Besides looking at how the Sicilian language may have been influenced by the various powers that dominated the island, how was the language influenced by those who came to Sicily as immigrants? An example may be in a paper written for the fifth international conference on Italia Judaica, held in Palermo in June of 1992, in which Giuseppe Sermoneta reproduces part of a document printed at the end of the fourteenth century in which Sicilian is used to teach Jewish children about the ten commandments. (Italia Judaica, 341).

In 1990 LEGAS published Vincenzo Ancona's Malidittu La Lingua, Damned Language, a 211 page collection of poems, anecdotes, and stories in a dual language format with Sicilian on one page and English on the facing page. It's edited by Anna L. Chairetakis and Joseph Sciorra and translated into English by Gaetano Cipolla of Arba Sicula.
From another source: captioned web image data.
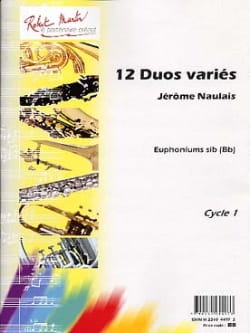 12 Duos Variés Pour Euphoniums Sib Jérôme Naulais Partition Tuba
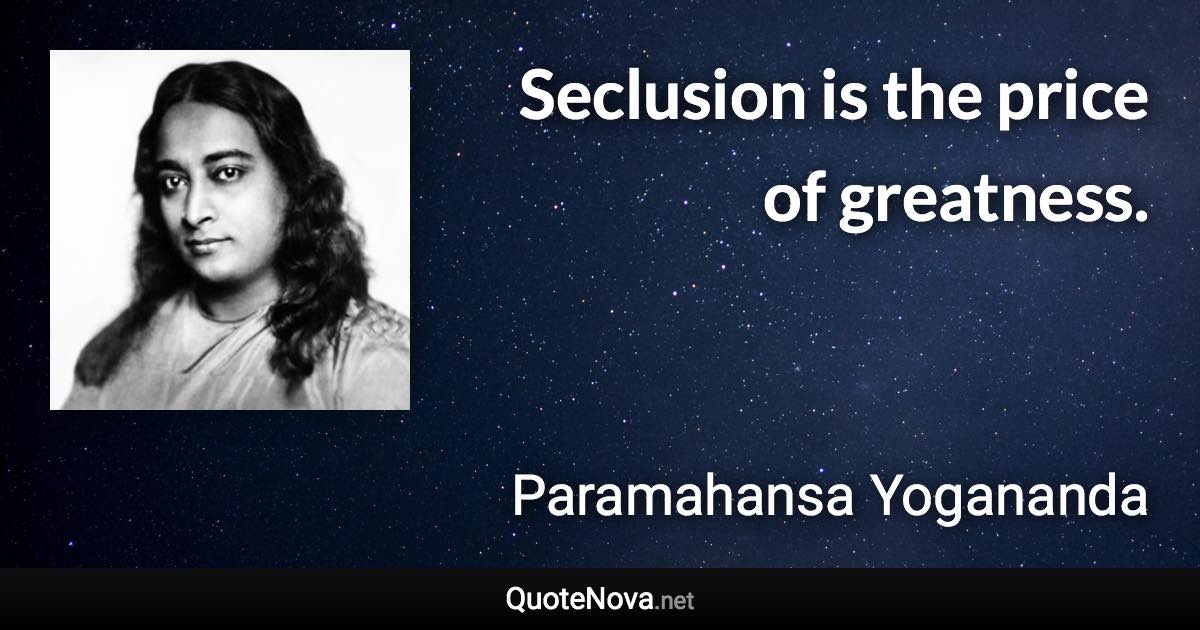 Seclusion is the price of greatness. - Paramahansa Yogananda quote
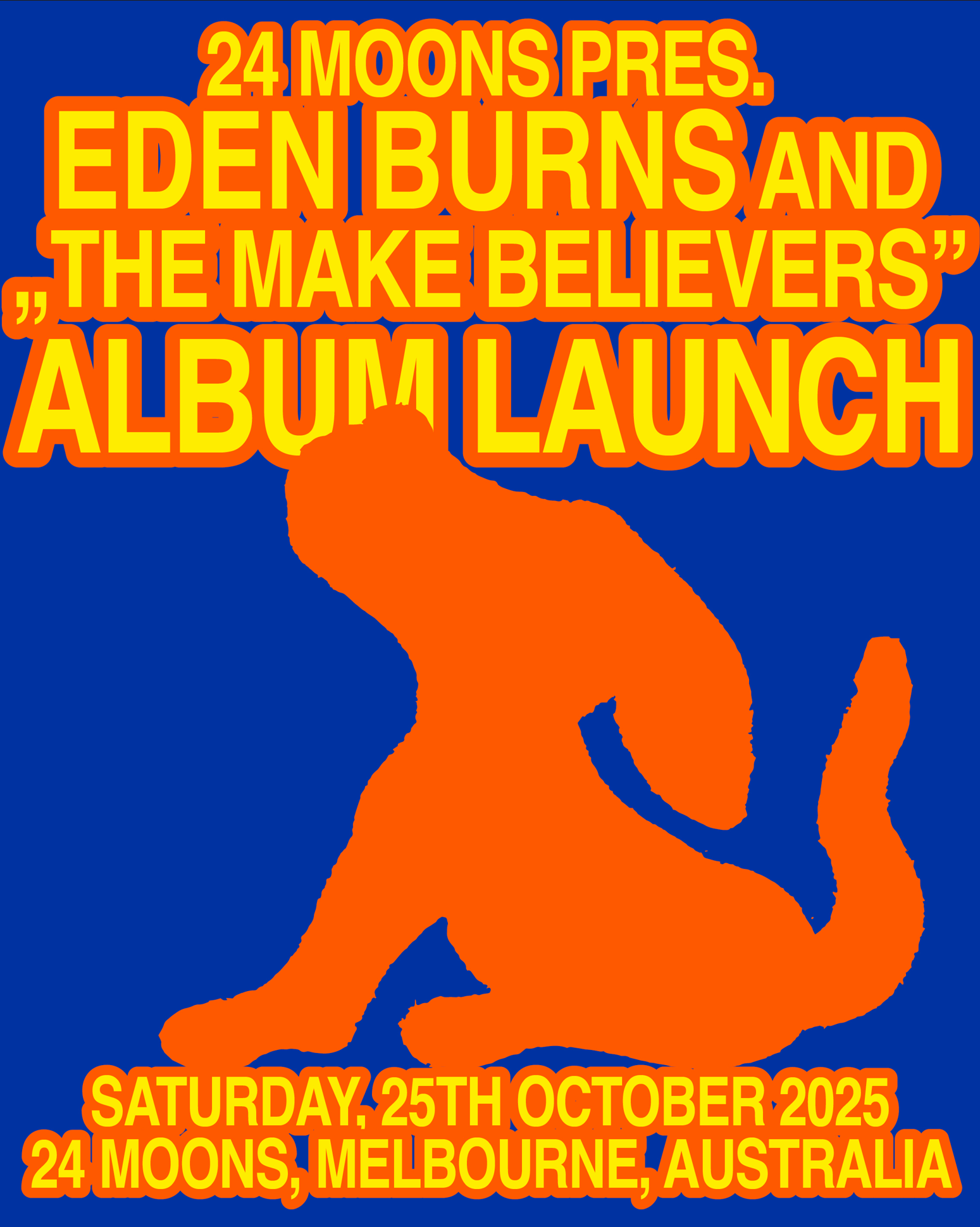 Eden Burns & The Make Believers - [Album Launch Party]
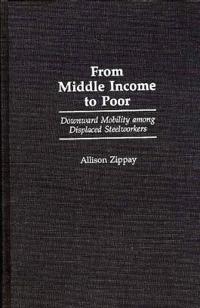 From Middle Income to Poor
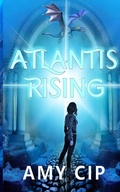 Cover: Atlantis Rising - Rowan Prose Publishing, LLC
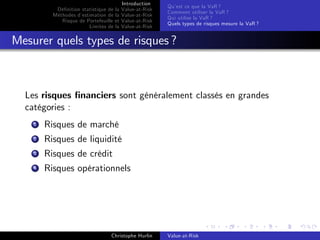 Dé…nition statistique de la
Méthodes d’
estimation de la
Risque de Portefeuille et
Limites de la

Introduction
Value-at-Risk
Value-at-Risk
Value-at-Risk
Value-at-Risk

Qu’ ce que la VaR ?
est
Comment utiliser la VaR ?
Qui utilise la VaR ?
Quels types de risques mesure la VaR ?

Mesurer quels types de risques ?

Les risques …nanciers sont généralement classés en grandes
catégories :
1

Risques de marché

2

Risques de liquidité

3

Risques de crédit

4

Risques opérationnels

Christophe Hurlin

Value-at-Risk

 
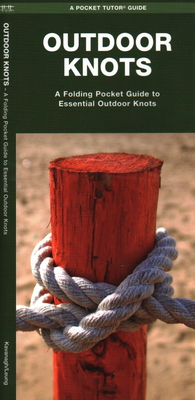 Outdoor Knots: A Folding Pocket Guide to Essential Outdoor Knots (Duraguide)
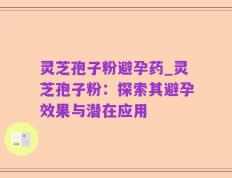 灵芝孢子粉避孕药_灵芝孢子粉：探索其避孕效果与潜在应用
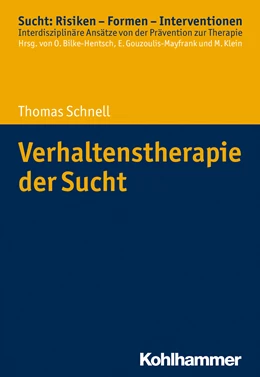 Abbildung von Schnell | Verhaltenstherapie der Sucht | 1. Auflage | 2019 | beck-shop.de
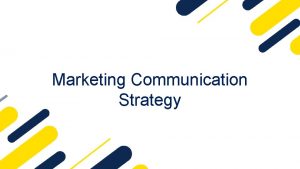 Marketing Communication Strategy Tips biar pede presentasiin jualan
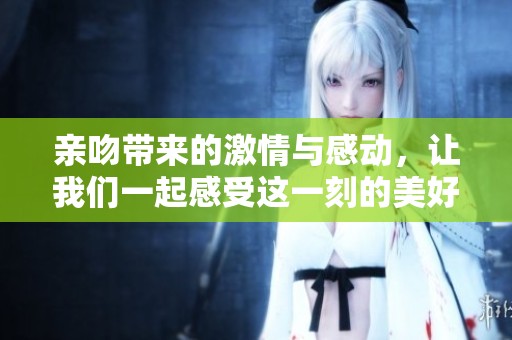 亲吻带来的激情与感动，让我们一起感受这一刻的美好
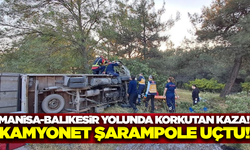 Manisa-Balıkesir yolunda kamyonet şarampole uçtu: 1 yaralı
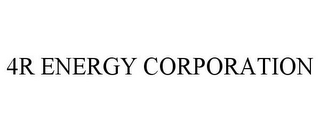 4R ENERGY CORPORATION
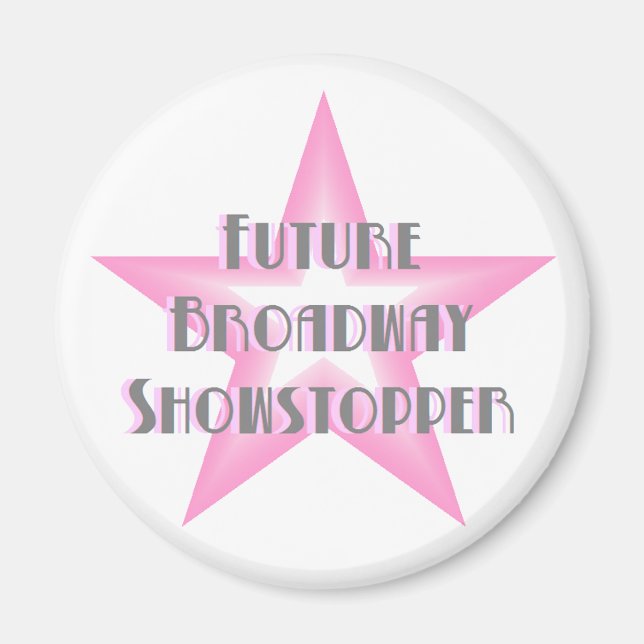Framtida Broadway Showpropp (Rosa) Magnet (Framsidan)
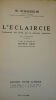 L'eclaircie traitement des forets par la sélection qualitative W. Schaedelin Paris, Editions V. Attinger, 110 pp., reliure cartonnée, vers 1938. ...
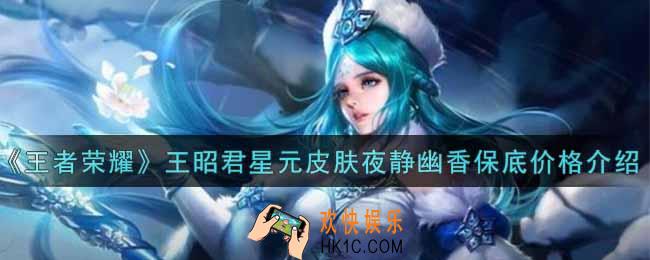 王者荣耀王昭君星元皮肤夜静幽香保底多少钱_王昭君星元皮肤夜静幽香保底价格介绍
The book comes with two CDs full of recordings. Listen to Vincenzo Ancona reciting the following six line poem in Sicilian by clicking on the play arrow.

Picchi Diu criau lu primu all'omu?

Picchì Diu criau lu primu all'omu?
Chi Dici? A cui putissi dumannari?
"Diu lu fici, ci detti lu nomu,
e cu nuddu si vosi cunsigghiari.
Si c'era Eva, Diu di frunti a chidda,
o sì o no, l'avia a diri idda!"

Why Did God Create Man First?

Why did God create man first?
What do you think? Who could I ask?
"God made him, gave him a name,
and sought no one's advice.
Had Eve been there, God facing her,
no doubt, she would have had the say!"

You can order the book and CDs from Arba Sicula.

Dr. Cipolla has also recently (2005) produced a 23 page booklet entitled, The Sounds of Sicilian. It is accompanied by a 37 track CD that carefully describes the pronunciation of Sicilian from the alphabet to a variety of selections. Here's a brief sample from Track 37. It's the first verse of Nino Martoglio's poem Nica. Read the Sicilian text in the left column as you listen to the audio.

Nica

Nica, tu fusti babba: mi lassasti
cridennu ca ju tuttu t'avia datu,
e tuttu chiddu chi tegnu sarvatu
ancora non è to, e ci l'appizzasti...

Nica

Nica, what a foolish thing you've done! You left me
thinking I'd given you all I possessed.
But everything I kept inside my heart
was not yet yours and now you've lost that part!

You can order the booklet and accompanying CD from Arba Sicula.

The editorial house of PUNGITOPO has been publishing an annual Almanaccu Sicilianu since 1978. On a recent trip to Sicily I picked up the 2009 edition at the Libreria Napoli on via Roma in Caltagirone. Among the items for January I found this entertaining tongue twister.

Finally, you can refer to the Links page for additional related web sites; to the page of original Sicilian documents for some transcribed examples of the language, as well as scanned copies of the original Spanish and Sicilian hand-written documents from the State Archives of Palermo; and to the page on Bibliography for other hard copy sources.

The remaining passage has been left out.